Lake Mineral Wells State Park
Experience Christmas, cowboy style, at Cross Timbers Cowboy Christmas, December 3. Park ranger and cowboy poet David Owens will gather guests around a campfire at the Lone Star Amphitheater for an evening of cowboy culture through songs, stories and poems.

Dinosaur Valley State Park
In partnership with Toys for Tots, the park is hosting Christmas in the Valley, a full day of ranger-led events, programs, family friendly activities, arts and crafts, food and more. Bring a new and unwrapped toy for free admission for the whole family. The event takes place 1-4 pm December 17.

Houston and Gulf Coast-area parks

Brazos Bend State Park
Holiday in the Park is an all-day affair on December 10. Events include a self-guided "Elf Hike," Christmas crafts, "Pup Parade," s'mores, and more.

Goose Island State Park
See the park in lights, enjoy holiday activities, and camp for free when you decorate your campsite during Christmas in the Park on December 17. Guests are invited to "Santa's Village" at the CCC Recreation Hall for holiday crafts, games, hot chocolate around the campfire, and to drop off letters to Santa in the North Pole Mailbox.

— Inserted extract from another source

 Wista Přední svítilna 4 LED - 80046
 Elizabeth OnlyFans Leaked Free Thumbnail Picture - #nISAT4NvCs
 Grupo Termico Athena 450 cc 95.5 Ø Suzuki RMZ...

Lake Corpus Christi State Park
Get in the holiday spirit with the second annual Holiday Light Drive Thru, 6-9 pm December 10. Visitors can enter the park for a drive through the lighted areas of Javelina and Opossum Bend camping loops, plus the Old Pavilion.

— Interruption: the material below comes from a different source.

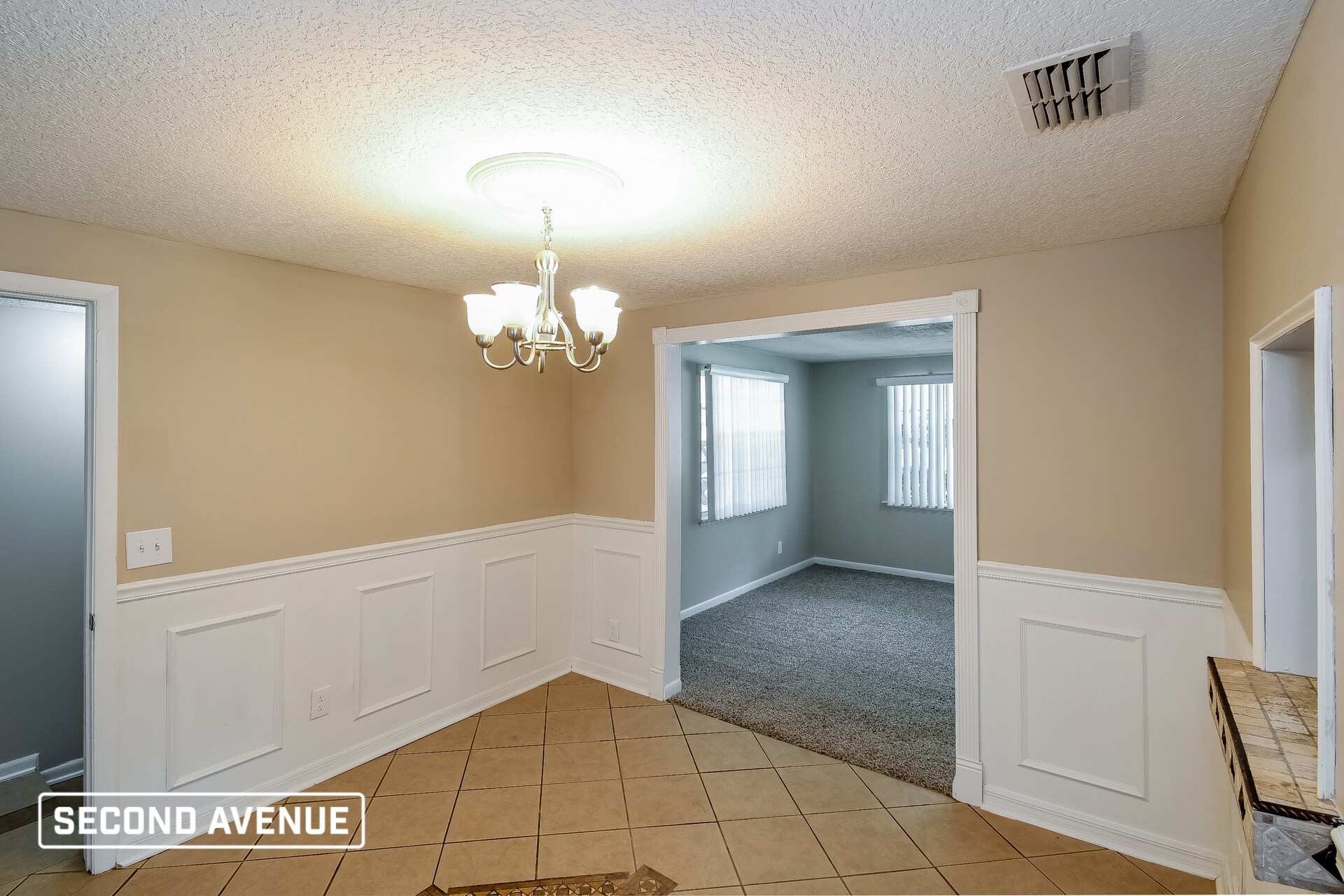 Building Photo - 5128 Bilken Dr E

West Texas and the Panhandle-area parks

Franklin Mountains State Park
On December 3, make ornaments and holiday cards with recycled materials as part of the Art in the Parks series. During Cookies and Cocoa, you can decorate and take home your own Christmas treat while sipping on a cup of hot chocolate 2-4 pm December 23. Come back on Christmas Eve for a guided, two-mile Santa Hike at 11 am.

Hueco Tanks State Park & Historic Site
Bring your family out for Home for the Holidays guided family hike on December 10 and moderate hike on December 17.

San Angelo State Park
Enjoy a drive-thru tour of lights and optional pictures with Santa and Smokey Bear during Holly-Days in the Park, 6-8 pm December 10.